A reabertura das negociações foi um processo absolutamente normal, apesar de extenso. Considerando-se a lógica de que, em sendo o Plano de Carreira Docente da Feevale, além de homologado, acordado com o Sinpro/ RS, no encerramento do prazo de vigência do instrumento que o pactuou, é necessária a sua renovação.
A renovação dos acordos coletivos com o aperfeiçoamento dos Planos de Carreira é a lógica do processo que o Sinpro/RS vem desenvolvendo no âmbito do ensino superior do RS.
Esta sistemática sintoniza com a dinâmica do setor e as expectativas dos professores que vão compreendendo os Planos de Carreira, de modo geral, bastante complexos, e detectando os problemas que dificultam e/ou impedem as progressões. Aperfeiçoamento necessário e contemplado nas tratativas desenvolvidas com a Reitoria para a renovação do Acordo sobre o PCD da Feevale.

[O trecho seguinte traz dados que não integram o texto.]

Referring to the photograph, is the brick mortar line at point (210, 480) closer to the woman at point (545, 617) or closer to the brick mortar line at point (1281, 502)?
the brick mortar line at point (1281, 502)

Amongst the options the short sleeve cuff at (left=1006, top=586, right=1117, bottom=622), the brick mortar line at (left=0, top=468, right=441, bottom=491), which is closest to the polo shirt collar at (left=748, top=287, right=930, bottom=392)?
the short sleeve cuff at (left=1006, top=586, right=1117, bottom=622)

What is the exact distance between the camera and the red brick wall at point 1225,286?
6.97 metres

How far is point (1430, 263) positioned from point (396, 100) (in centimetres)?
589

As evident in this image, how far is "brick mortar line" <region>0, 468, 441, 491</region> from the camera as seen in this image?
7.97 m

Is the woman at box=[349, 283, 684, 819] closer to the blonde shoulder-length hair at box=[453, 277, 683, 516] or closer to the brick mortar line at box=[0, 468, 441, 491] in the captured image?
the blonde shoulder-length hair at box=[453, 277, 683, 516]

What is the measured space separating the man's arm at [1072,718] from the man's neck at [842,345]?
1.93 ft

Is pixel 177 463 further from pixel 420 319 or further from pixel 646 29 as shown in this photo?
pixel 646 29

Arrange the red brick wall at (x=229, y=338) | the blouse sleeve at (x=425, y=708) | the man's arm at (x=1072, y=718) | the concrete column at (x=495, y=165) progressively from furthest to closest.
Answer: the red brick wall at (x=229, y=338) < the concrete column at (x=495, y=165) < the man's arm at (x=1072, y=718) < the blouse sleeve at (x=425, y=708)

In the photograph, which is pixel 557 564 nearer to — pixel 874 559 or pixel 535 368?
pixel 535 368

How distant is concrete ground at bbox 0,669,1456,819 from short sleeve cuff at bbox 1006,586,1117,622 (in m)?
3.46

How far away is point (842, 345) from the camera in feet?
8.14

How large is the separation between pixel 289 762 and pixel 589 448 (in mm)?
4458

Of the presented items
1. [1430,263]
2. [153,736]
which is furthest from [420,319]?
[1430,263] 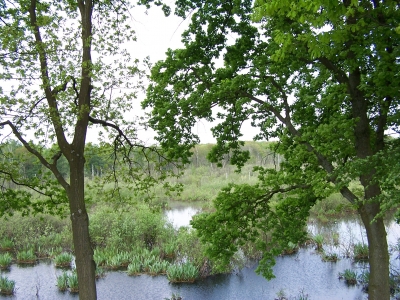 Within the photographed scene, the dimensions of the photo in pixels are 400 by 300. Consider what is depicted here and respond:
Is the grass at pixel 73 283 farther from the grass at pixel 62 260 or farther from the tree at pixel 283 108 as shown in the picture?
the tree at pixel 283 108

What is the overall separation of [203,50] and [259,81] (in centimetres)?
152

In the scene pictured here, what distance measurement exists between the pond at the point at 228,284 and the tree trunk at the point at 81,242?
5523 millimetres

A pontuação exigida era muito elevada na versão original do PCD instituído em 2009. A percepção foi mútua e teve uma reformulação com base em algumas redefinições, especialmente pela introdução de uma ponderação com base nas dificuldades de realização de cada quesito, o que no somatório facilitará o atingimento dos pontos para a progressão.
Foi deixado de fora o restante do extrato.